Image-text web data:
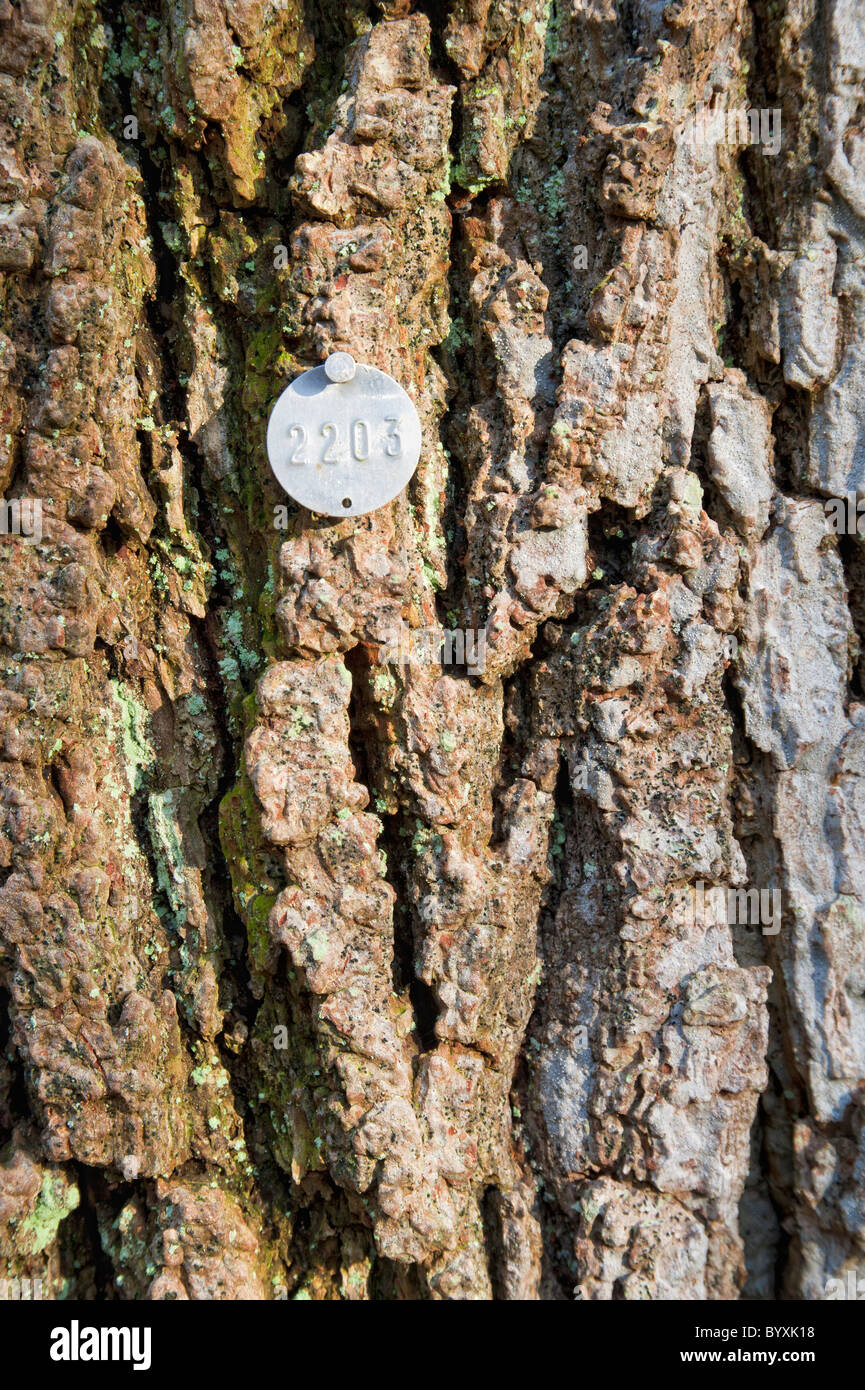 Alu Aluminium Baum-Tag auf Eichenrinde Stockfoto
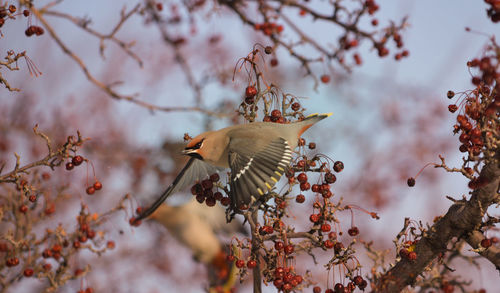 Low angle view of bird on branch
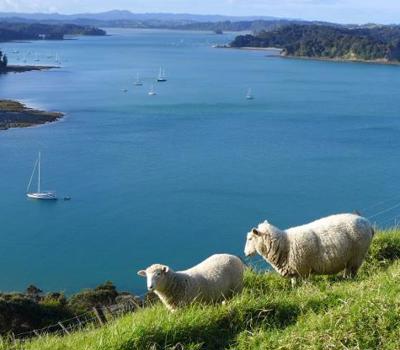 Mahurangi Regional Park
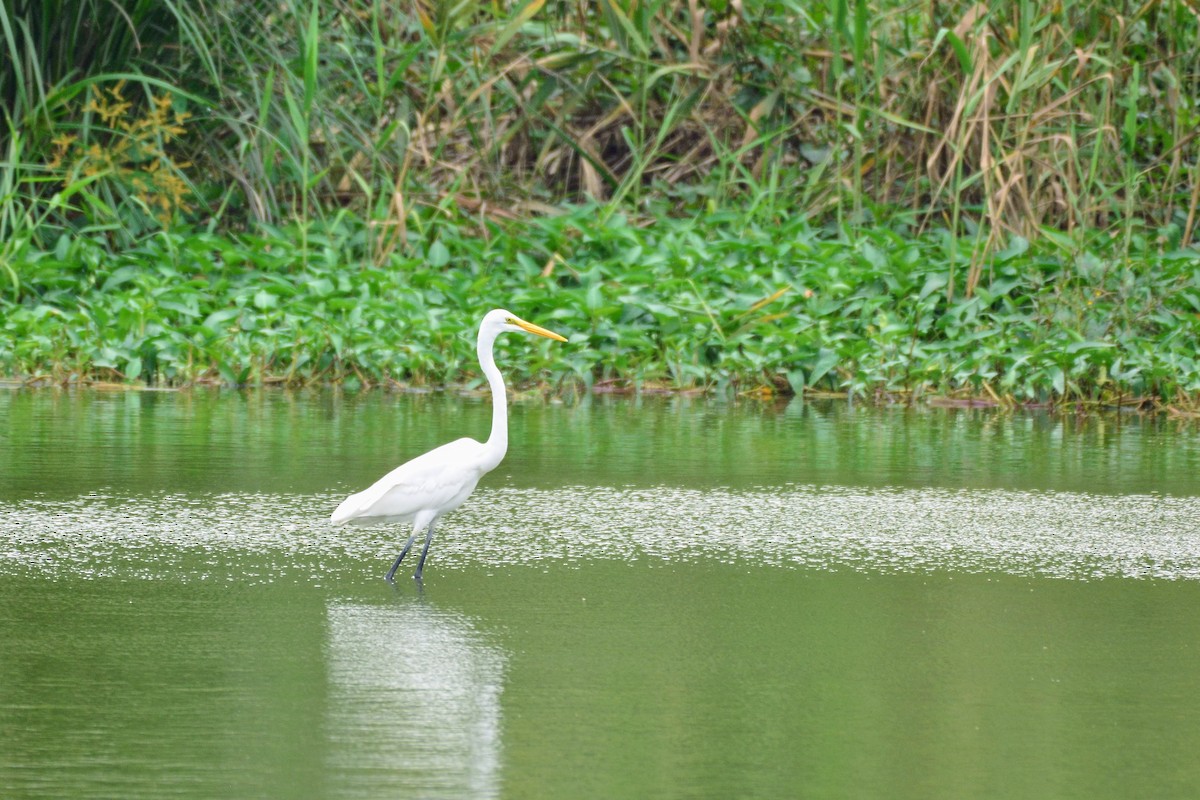 Great Egret - ML327447701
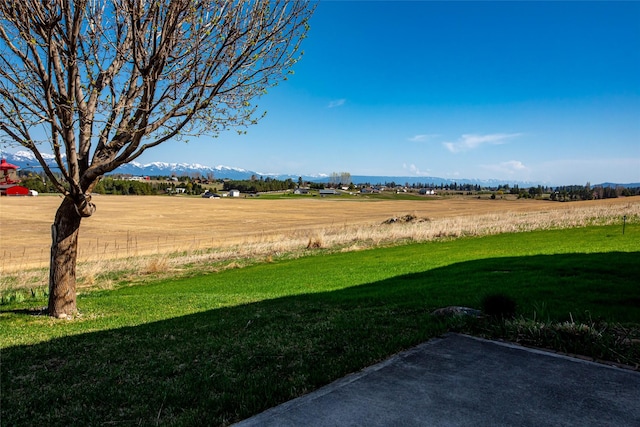 view of yard featuring a mountain view and a rural view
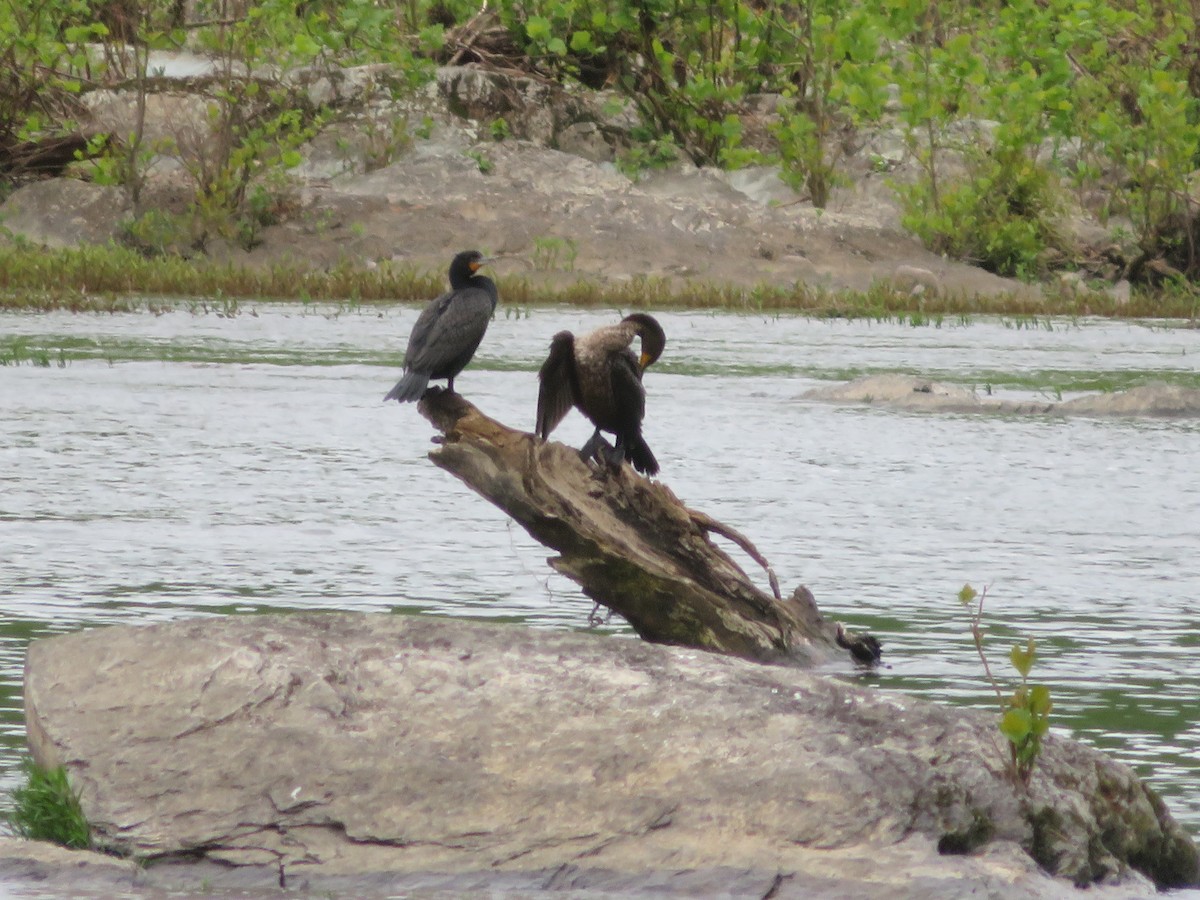 Double-crested Cormorant - ML618855596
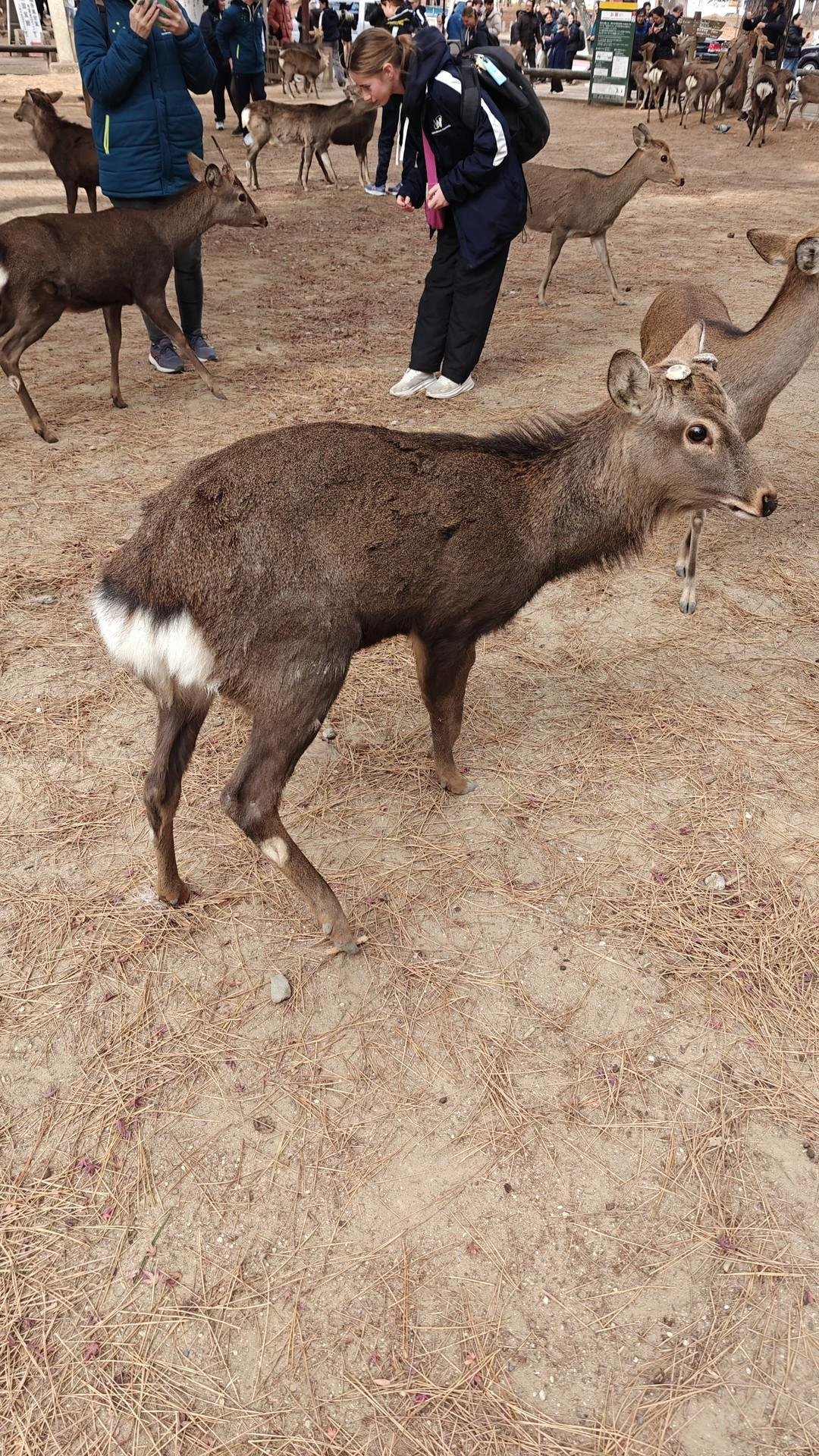 People interacting with deer in park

What is required -
Your answer must be the entries repeated exactly, with no pictures.

Solved problem -
 Alu Aluminium Baum-Tag auf Eichenrinde Stockfoto
 Low angle view of bird on branch
 Mahurangi Regional Park
 Great Egret - ML327447701
 view of yard featuring a mountain view and a rural view
 Double-crested Cormorant - ML618855596
 People interacting with deer in park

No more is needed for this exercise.